If this wasn’t enough, the higher-ups at The Red & Black also decided to limit the number of stories that made it into the paper that were critical of the university and other institutions, in exchange for content they rendered more favorable.
While discussions on Friday between Red & Black staffers and the paper’s governing body demoted the editorial director back to an adviser and eliminated prior review, The Red & Black’s fight to be an independent student media institution is far from over.
And it also raises a far larger question: Why is it important for a student media organization, like the Collegian, to be independent? After all, some of you are probably thinking, if our adviser had the power of prior review, and all we did was write “good” content, some of our mistakes would have never seen the light of day.
A short answer is that independent student media organizations exist to be “learning laboratories.” Learning cannot exist without the freedom to make mistakes, a power that students would not have had under The Red & Black’s new system.
“The CSU football team would be a lot better if Peyton Manning could be the quarterback,” said Larry Steward, the president of Rocky Mountain Student Media Corporation, the Collegian’s parent company. “But the development process is the hallmark of what we do.”
“I don’t think you can fully learn what it means to be a journalist until your decisions have real implications,” said Mike Humphrey, the Collegian’s journalism adviser.
It’s true. Any decision this paper makes this semester will entirely rest on my shoulders. And it will come with a steep learning curve. It will mean sleepless nights, and it will almost certainly mean that I will inadvertently make a mistake that pisses at least one person off. But I would not want to have it any other way, because I know that when I leave this basement, I’ll have an education that I could never get in a classroom.
But beyond learning, I think that student media has another role: Giving students at the university a voice, and advocating for students in a way that another media organization, like the Fort Collins Coloradoan, can’t.
And you can’t have a voice unless you’re entirely independent, especially when you’re on a college campus.
After all, CSU is essentially one giant marketing machine. From the clean-cut, polo shirt-clad tour guides to our image as a “green” university, everything that you think you know about CSU has been as carefully cultivated as everything that you think you know about any corporation.
The university, like any other organization trying to make money, wants to shy away from any press that can make it look bad. That’s why the Collegian isn’t directly affiliated with the university (although we do receive roughly $520,000 from the Associated Students of CSU). We need to have the power to be a watchdog, something we couldn’t do if anyone with a vested interest in the university had prior review.

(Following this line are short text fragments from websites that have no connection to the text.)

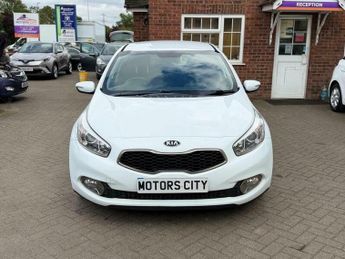 Kia Ceed 1.6 GDi 3 DCT Euro 5 5dr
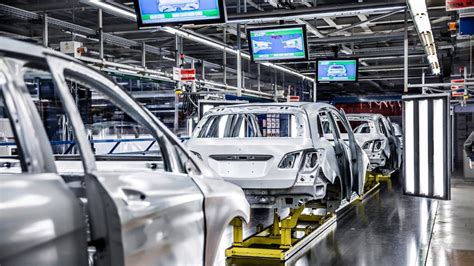 Mercedes Setzt Auf Elektroautos Daimler Plant Mit Verbrenner Aus In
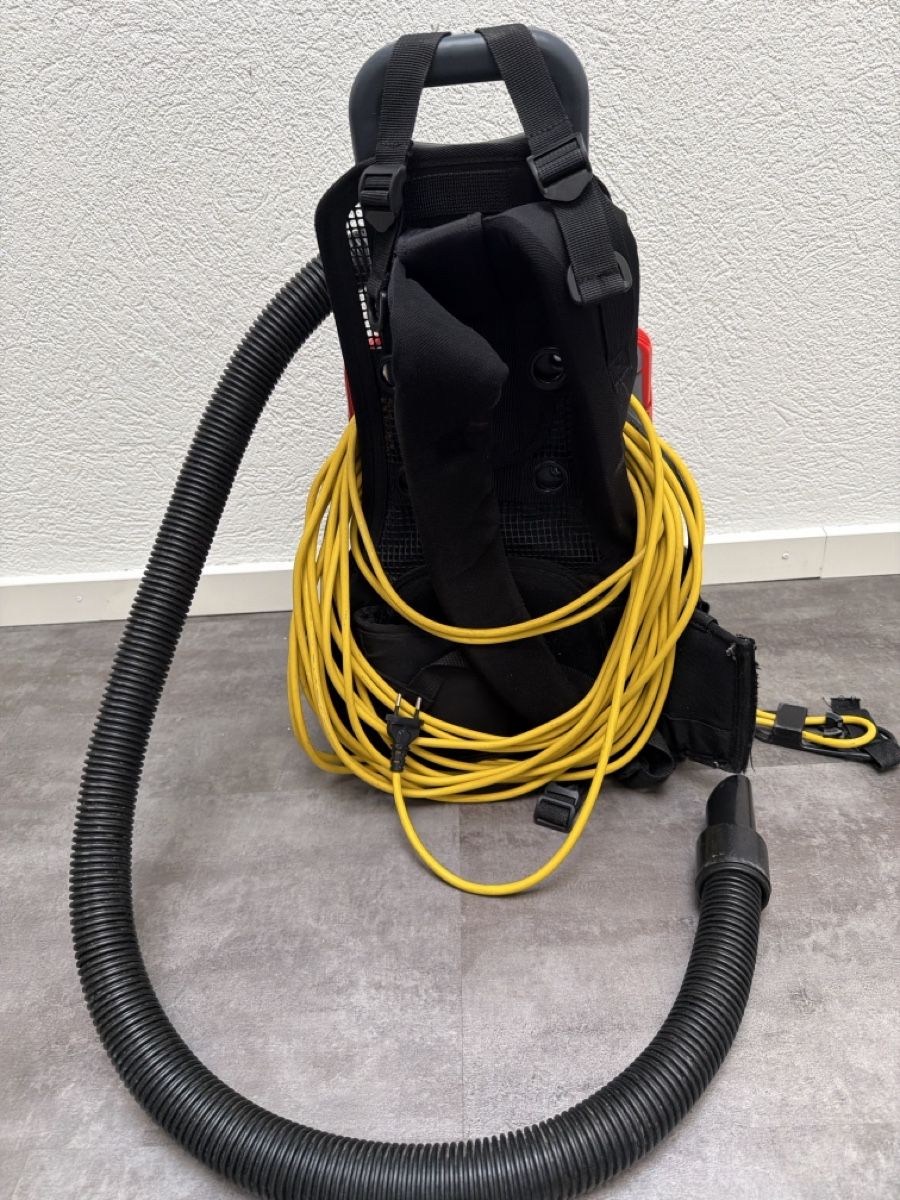 Aspirapolveri & Accessori: Rückenstaubsauger – Usato da Oberengstringen venduto da Lbd_12 1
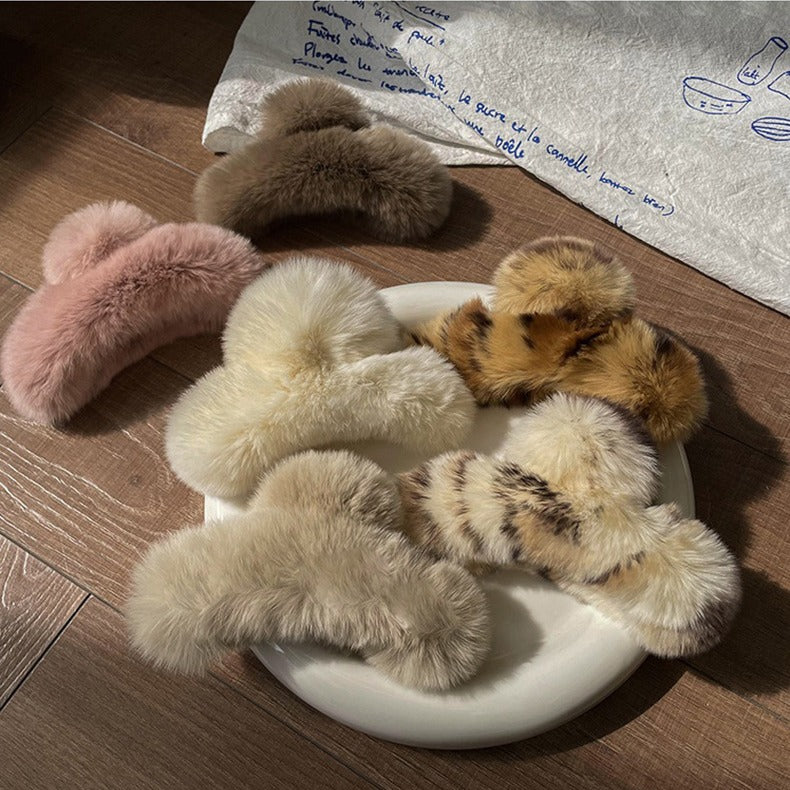 Real beaver fur claws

I don’t think the Collegian would ever face the hurdles that students at The Red & Black faced last week, in part because we have a financial incentive. Our funding from ASCSU comes with the caveat that we have to be entirely student run, whereas, as far as I know, The Red & Black had no such agreement.
Regardless, it’s worth it to take a moment, and treasure the Collegian’s independence. No one read this column before it was published other than my student editors, and that’s the way it should be.
Because although this newspaper has made some mistakes, it’s far better than the alternative.